In April 2010, I returned home late evening to find a family friend had left urgent messages for me to call back. The next morning, before I could return her call, she was on the line. There was an advertisement in the Jam-e-Jamshed Weekly, a publication dedicated to the Parsi community, seeking the heirs of one Mr Hormasji Kharshedji Mistry, who lived at Shellim House in Khetwadi. We were to contact some doctor or the other. My friend urged me to call the person, as the said gent Mr Hormasji Kharshedji Mistry was my mother’s first cousin. Having seen the ad very cursorily that Sunday, it didn’t register that the reference was to Homi uncle. I contacted the person who inserted the ad and went with a cousin to the office of the NCP (the Nationalist Congress Party) as they wanted to honour my uncle for his martyrdom.

At the party office, my cousin kept reminding them that our uncle wasn’t a martyr. That he was struck with a stone by rioters outside the mill where he worked. The NCP official smiled and pushed the tea and biscuits towards us. “Hormusji Kharshedji Mistry is the only Parsi martyr. On the occasion of the 50th anniversary of Maharashtra State, we want to honour those martyrs who were from the minority community and your uncle is the only Parsi martyr.”

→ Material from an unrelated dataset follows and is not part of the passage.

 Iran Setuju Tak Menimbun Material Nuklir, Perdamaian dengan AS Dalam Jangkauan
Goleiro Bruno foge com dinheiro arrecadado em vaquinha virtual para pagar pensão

So on May 1, 2010 my cousin and I went to the NCP office. Clearly, preferential treatment was accorded to us among an assemblage of Muslims, Christians and even Sikhs. After tea and biscuits, we were driven to Veer Nariman Road where a stage was constructed. Seated in a particular order, we were to go on stage as each martyr’s name was called out. We were presented with the standard shawl, the auspicious coconut and a replica of the Martyr’s Memorial which stands at Hutatma Chowk.

To back track to January 1960, the separatist violence in the then State of Bombay for Maharashtra and Gujarat must have claimed countless innocent lives. My uncle worked with Century Mills and was a keen tennis player; he usually partnered Jimmy Mehta, later a Davis Cup player at the Parsi Gymkhana and inter-club matches. That day in January, as he got into his Hillman with his tennis kit, a neighbour sounded him off about a hartal and raging violence in the mill areas specially. He said he would just go in for a while to sign a few papers and then go to the Parsi Gymkhana to play a game of tennis.

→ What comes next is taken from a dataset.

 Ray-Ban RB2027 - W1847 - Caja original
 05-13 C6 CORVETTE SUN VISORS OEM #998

At the mills, he got into the car and as he started driving out a mob surrounded the car, shouting anti-Gujarati slogans, a lethal stone struck him on the head. His workers admonished the rioters that he wasn’t Gujarati, but a Parsi. The rioters were mistaken about Homi uncle’s identity as he used a glossy hair pomade and wore horn rimmed glasses, just like the Gujaratis did.

On May 1, 1960 as the new state of Maharashtra celebrated its identity, my mother, my aunts and grand aunts bemoaned the unnecessary loss of a young life. Each time we passed the Hutatma memorial my mother would rue having lost a cousin she so loved. If I went to receive the mistaken honour, I did so knowing my mother would have wanted it so. As for the NCP, it was a vote bank exercise. The party volunteer, admitted that, he was hoping to get a ticket for an upcoming election.